Because of the confidential and proprietary information, JGUA has implemented numerous safeguards to protect the information, including a database that can only be accessed with certain login information, and that does not permit information to be printed from a remote location. Further, JGUA requires all employee with access to the confidential and proprietary information to execute an employment agreement containing confidentiality provisions and post-employment restrictive covenants. (¶13,14)
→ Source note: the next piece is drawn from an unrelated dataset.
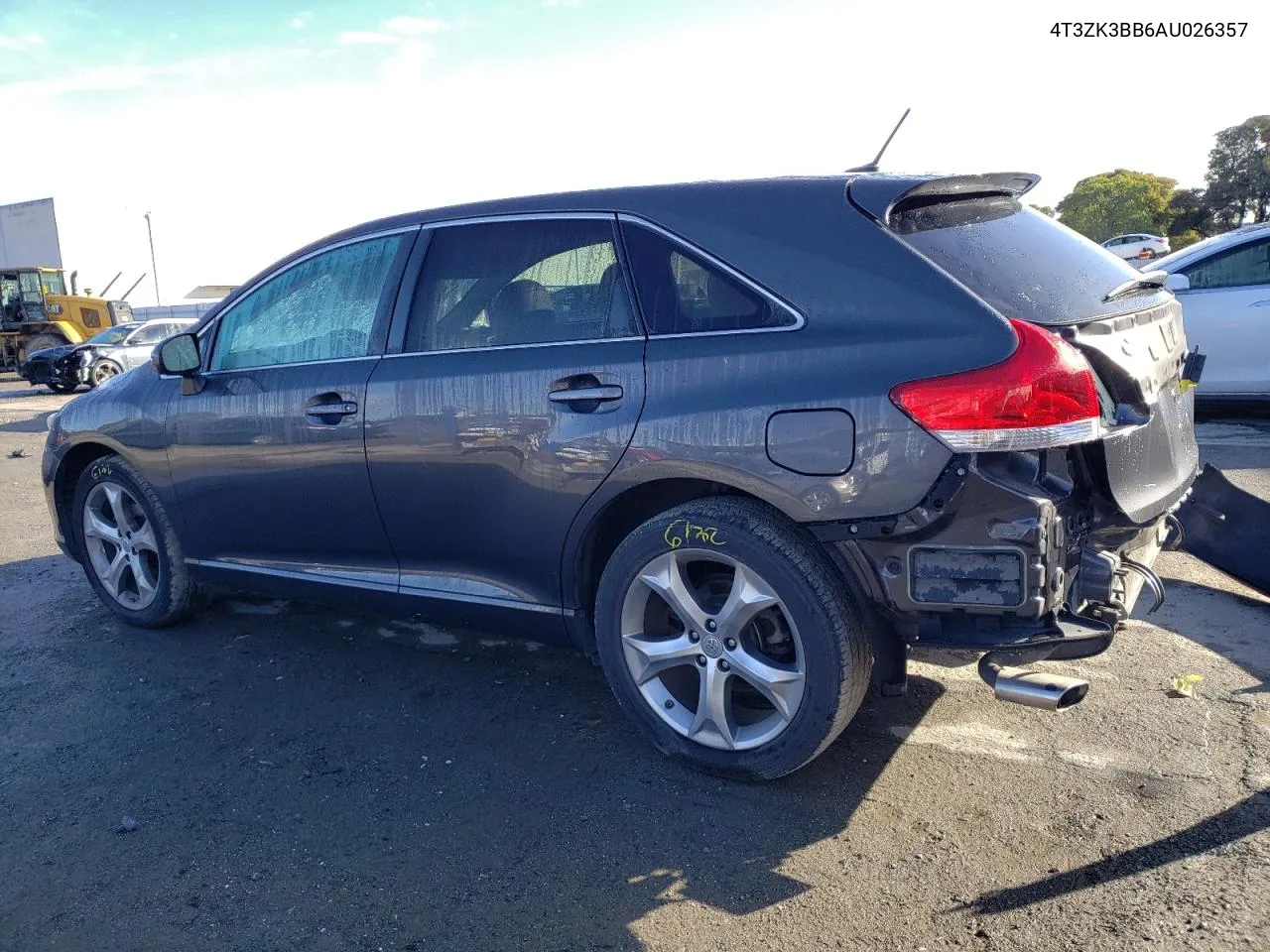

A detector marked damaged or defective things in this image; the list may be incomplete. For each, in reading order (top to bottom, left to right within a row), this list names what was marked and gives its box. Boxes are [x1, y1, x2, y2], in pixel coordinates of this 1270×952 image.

damaged toyota venza [42, 175, 1199, 777]
broken tail light [893, 319, 1103, 454]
To the extent of these allegations, that Defendants have utilized this allegedly confidential and proprietary information to unlawfully divert clients from Plaintiff, this Court finds that plaintiffs have sufficiently stated their Fifth Cause of Action for pleading purposes. (Silfen, Inc. V. Cream, 29 NY2d 387, 392,393 (1972) ("where the customers are not known in the trade or are discoverable only by extraordinary efforts courts have not hesitated to protect the customer lists and files as trade secrets").
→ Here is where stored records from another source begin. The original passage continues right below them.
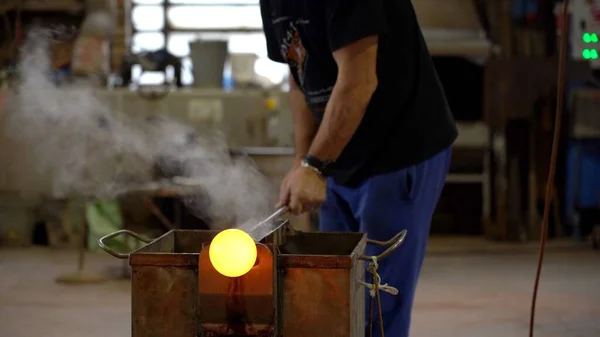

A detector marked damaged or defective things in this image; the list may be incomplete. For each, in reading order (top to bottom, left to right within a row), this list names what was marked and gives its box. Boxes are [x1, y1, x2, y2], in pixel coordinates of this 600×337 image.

rusty metal container [101, 223, 406, 336]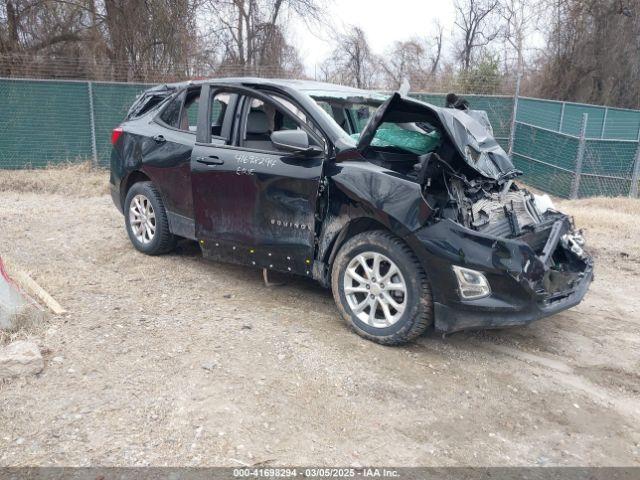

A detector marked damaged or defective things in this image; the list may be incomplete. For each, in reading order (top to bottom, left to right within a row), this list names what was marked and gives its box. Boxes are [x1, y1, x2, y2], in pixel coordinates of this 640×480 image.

crumpled hood [358, 92, 516, 182]
damaged front end [352, 92, 592, 332]
broken headlight [450, 266, 490, 300]
detached front bumper [408, 218, 592, 334]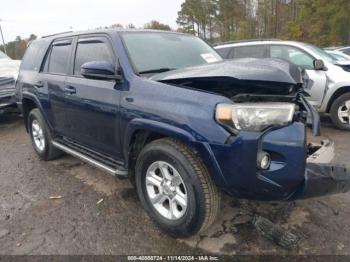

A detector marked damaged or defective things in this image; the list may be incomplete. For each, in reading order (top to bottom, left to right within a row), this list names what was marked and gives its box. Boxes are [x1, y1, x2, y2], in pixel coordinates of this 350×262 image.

crumpled hood [150, 58, 304, 85]
front-end damage [153, 58, 350, 200]
broken headlight [216, 102, 296, 131]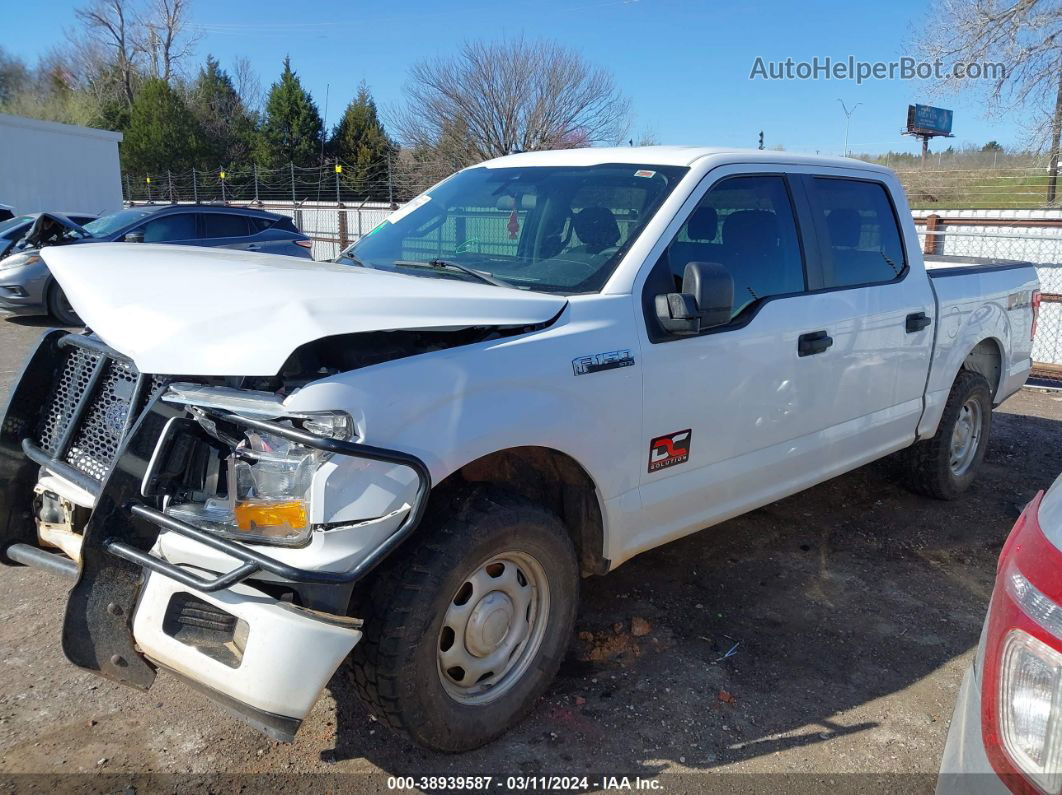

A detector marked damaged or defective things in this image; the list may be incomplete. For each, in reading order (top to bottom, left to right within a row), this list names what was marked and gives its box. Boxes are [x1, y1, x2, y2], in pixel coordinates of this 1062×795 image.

exposed headlight [0, 251, 40, 269]
crumpled hood [43, 243, 564, 377]
damaged front end [2, 329, 431, 738]
exposed headlight [160, 384, 352, 547]
broken headlight housing [161, 382, 352, 547]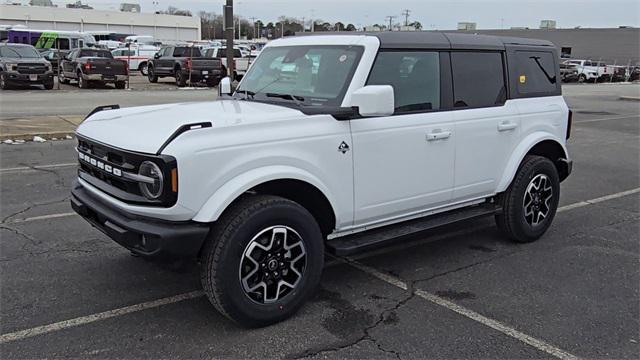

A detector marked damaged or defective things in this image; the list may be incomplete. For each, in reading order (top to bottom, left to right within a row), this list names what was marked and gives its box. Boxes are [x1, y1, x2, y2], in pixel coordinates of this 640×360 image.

cracked pavement [0, 83, 636, 358]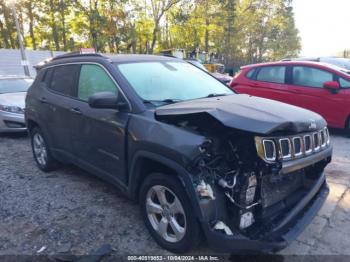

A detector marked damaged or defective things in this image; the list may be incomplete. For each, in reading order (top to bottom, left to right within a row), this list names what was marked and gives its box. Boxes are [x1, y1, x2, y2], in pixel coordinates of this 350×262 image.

crumpled hood [0, 92, 26, 108]
damaged jeep compass [26, 52, 332, 252]
crumpled hood [154, 94, 326, 135]
crushed front end [182, 118, 332, 252]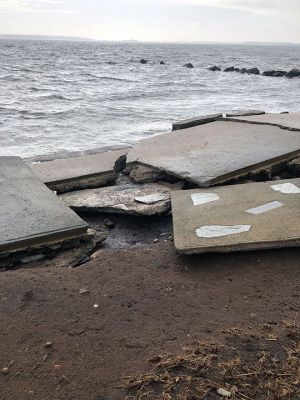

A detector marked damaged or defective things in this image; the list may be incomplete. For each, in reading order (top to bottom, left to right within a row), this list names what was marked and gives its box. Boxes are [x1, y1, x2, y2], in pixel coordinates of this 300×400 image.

broken concrete slab [171, 113, 223, 130]
broken concrete slab [226, 111, 300, 132]
broken concrete slab [30, 150, 127, 194]
broken concrete slab [126, 120, 300, 188]
broken concrete slab [0, 156, 89, 253]
broken concrete slab [59, 182, 183, 216]
broken concrete slab [171, 179, 300, 255]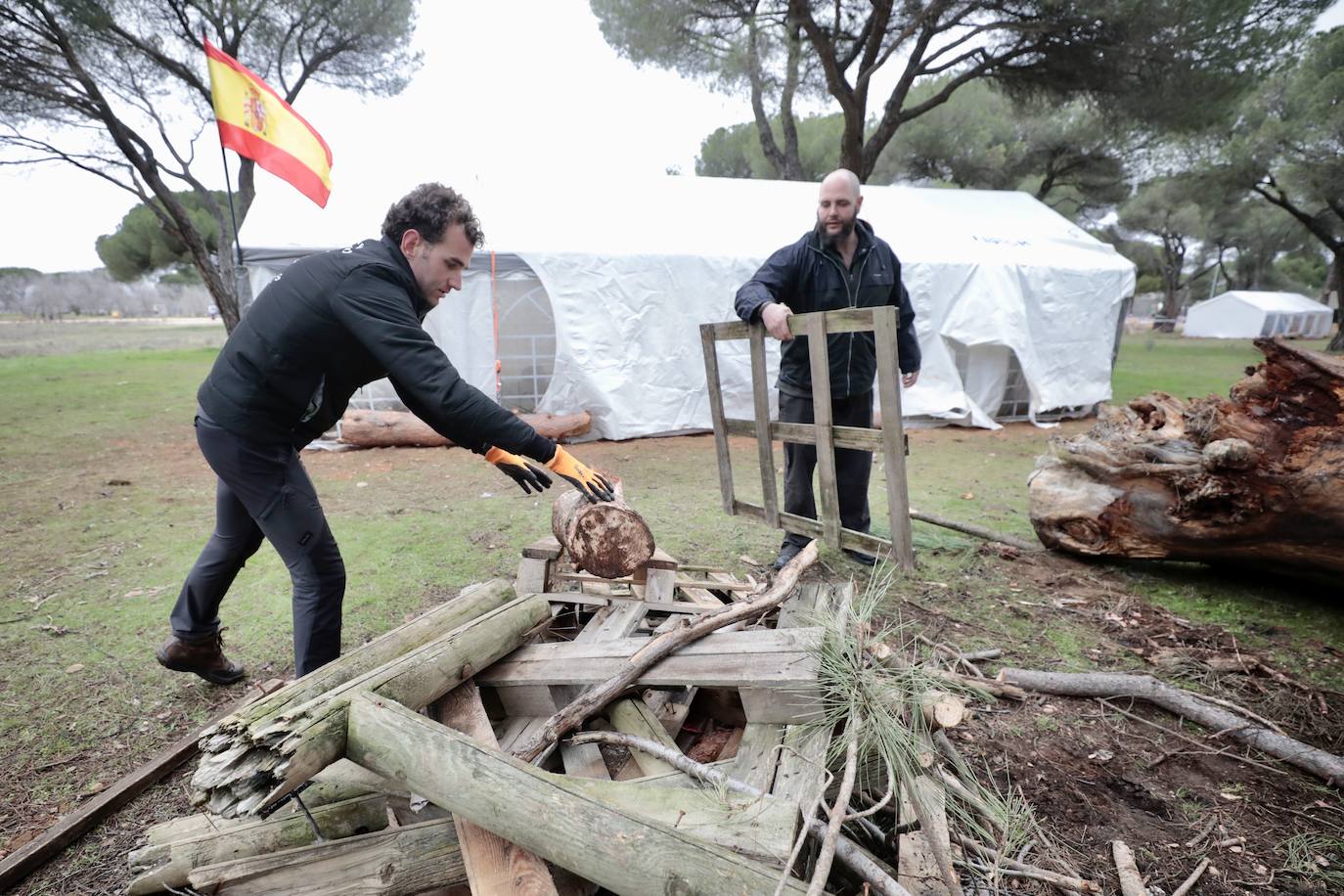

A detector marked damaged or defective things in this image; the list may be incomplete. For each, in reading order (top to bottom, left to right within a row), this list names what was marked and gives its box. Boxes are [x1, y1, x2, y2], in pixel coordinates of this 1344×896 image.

The sixth cause of action alleges unfair competition, alleging that Plaintiff invested time and money in its confidential and proprietary information, mainly client lists, that Defendants acted in concert in misappropriating what belonged to Plaintiff, resulting in a substantial loss of business and clients. It is alleged that Defendants acted in bad faith. (Id. at ¶58,62).
A claim of unfair competition requires that "plaintiffs . . . show that the Defendants misappropriated the plaintiffs' labor, skills, expenditures, or good will and displayed some element of bad faith in doing so." Abe's Rooms, Inc. v. Space Hunters, Inc., 38 AD3d 690, 692 (2d Dept. 2007). A predicate for an unfair competition claim is " the alleged bad faith misappropriation of a commercial advantage belonging to another by exploitation of proprietary information or trade secrets.'" Out of the Box Promotions, LLC v. Koschitzki, 55 AD3d 575, 578 (2d Dept. 2008) (citation omitted).
The allegations in the Complaint are sufficient to state a claim for unfair competition. The motion to dismiss this claim is denied.
Lastly, Plaintiff claims that they spent years developing clients, investment strategies, and methodologies for which services they charge management fees. JGUA claims that it will have to pay back any prorated management fees to those client who are diverted to Defendants, and Defendants will use JGUA's information to generate those fees.
To sustain a claim for unjust enrichment, Plaintiff must allege that 1) Defendant was enriched; 2) at Plaintiff's expense; 3) that it is against equity and good conscience to permit Defendant to retain the gains. (See Mandarin Trading v. Wildenstein, 16 NY3d 173, 180 (2011).
Here, even accepting Plaintiff's allegations as true and providing Plaintiff every favorable inference, Plaintiff's claim for unjust enrichment fails. Plaintiff asserts that they will have to reimburse any prorated fees. Under such scenario, they are only trustees of the fees until such time as the fees are earned, thus the fees are not rightfully theirs. Secondly, it is speculative whether Defendant will be enriched by retaining the client, charging, earning and receiving the fees. (Flag Wharf v. Merrill, 40 AD3d 506, 507 (1st Dept., 2007). Thirdly, the parties are covered by an employment contract, which propriety thereof is pending appeal. (Scavenger, Inc. v. GT Interactive, 289 AD2d 58, (1st Dept., 2001).
Accordingly, Plaintiff's Seventh Cause of Action for unjust enrichment is dismissed.
This constitutes the opinion and decision of the Court pursuant to CPLR 4213. Any relief not otherwise granted is denied. Plaintiff shall submit the order on notice.